Reactive vs. Early Detection

Testing and quarantining individuals with a high risk of recent infection stands as one of the foundational pillars of the nonpharmaceutical interventions to control the ongoing COVID-19 (SARS-CoV-2) pandemic.  Continued isolation of symptomatic cases and test-positive cases, combined with contact tracing, the process of identifying potentially infected persons who may have come into contact with an infected person (“contacts”) and subsequent testing of these persons, to reduce infections in the population has been the standard protocol for most governments.  Tracing of contacts has been used as an early COVID-19 containment measure in many countries, with additional physical distancing measures introduced as outbreaks have grown. Effective contact tracing remains essential.  Most governments are taking various steps to maintain control of infections while attempting to minimize disruption to populations. There is still a need for best practices to understand what combination of measures, including contact, digital tracing, and other methodologies will be required as attempts to restart the economy are now in the 3rd, 4th, or 5th wave of the COVID-19 pandemic, depending upon where you live.


This is important, especially given that the actual number of people infected with coronavirus—and able to spread it to others—may be five to 10 times greater than the number of confirmed cases, the New York Times reported this week, summarizing new research published in the journal Science. The study, “Substantial undocumented infection facilitates the rapid dissemination of novel coronavirus (SARS-CoV2),” emphasized how the lack of testing creates pathways for other people to become infected. Most infected carriers have very mild symptoms and can unknowingly transmit the disease to people who can experience life-threatening complications from COVID-19.

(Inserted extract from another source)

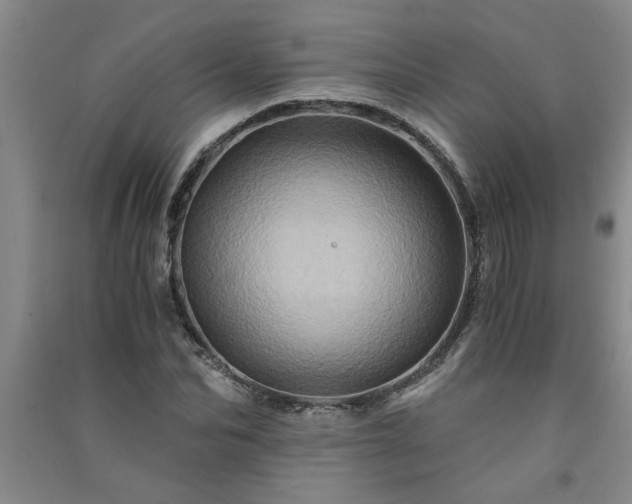 X0000091360974200708171520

However, it is nearly impossible to estimate a reduction in transmission under different control measures, including contact tracing, if many of your infected targets exhibit asymptomatic case incidence(s). Contact tracing is essential, if continued and frequent testing of vulnerable demographics and industries are not facilitated, a super-spreader event can result. (See “Vulnerable Demographics & Vulnerable Industries”). Interviews conducted from March to April 2021, with 30+ health-care systems, including hospitals, urgent care, and state testing facilities, showed that less than 10% of tests were conducted upon high-risk or potentially exposed individuals without symptoms. Less than 1% of tests to high-risk or highly social individuals (e.g., medical workers, teachers, food service, retail, etc.) are repeated to isolate a carrier in quarantine potentially. 


The lack of adoption of weekly COVID test screenings in the U.S. is due to (1) limited FDA approved tests; 2) tests that provide immediate results; (3) cost of the test needs to be lower, with most tests running from $8-$21; (4) many tests require a Clinical Laboratory Improvement Amendments (“CLIA”)  certified lab to validate the test; (5) a CLIA lab processing the test will take from 24-96 hours; (6) an additional $50-75 in lab fees will be accrued and (7) medical staff may be needed to administer the tests.

Key Takeaways:
  • Testing protocols and contact tracing are foundational tools for symptomatic patients.
  • Testing protocols and contract tracing have not been readily established for asymptomatic case incidence(s).
  • If continued and frequent testing of vulnerable demographics and industries is not facilitated, a super-spreader event can result.
  • Testing has traditionally had limited adoption based upon the time, effort, cost, and regulatory approvals of COVID-19, Antigen-based tests.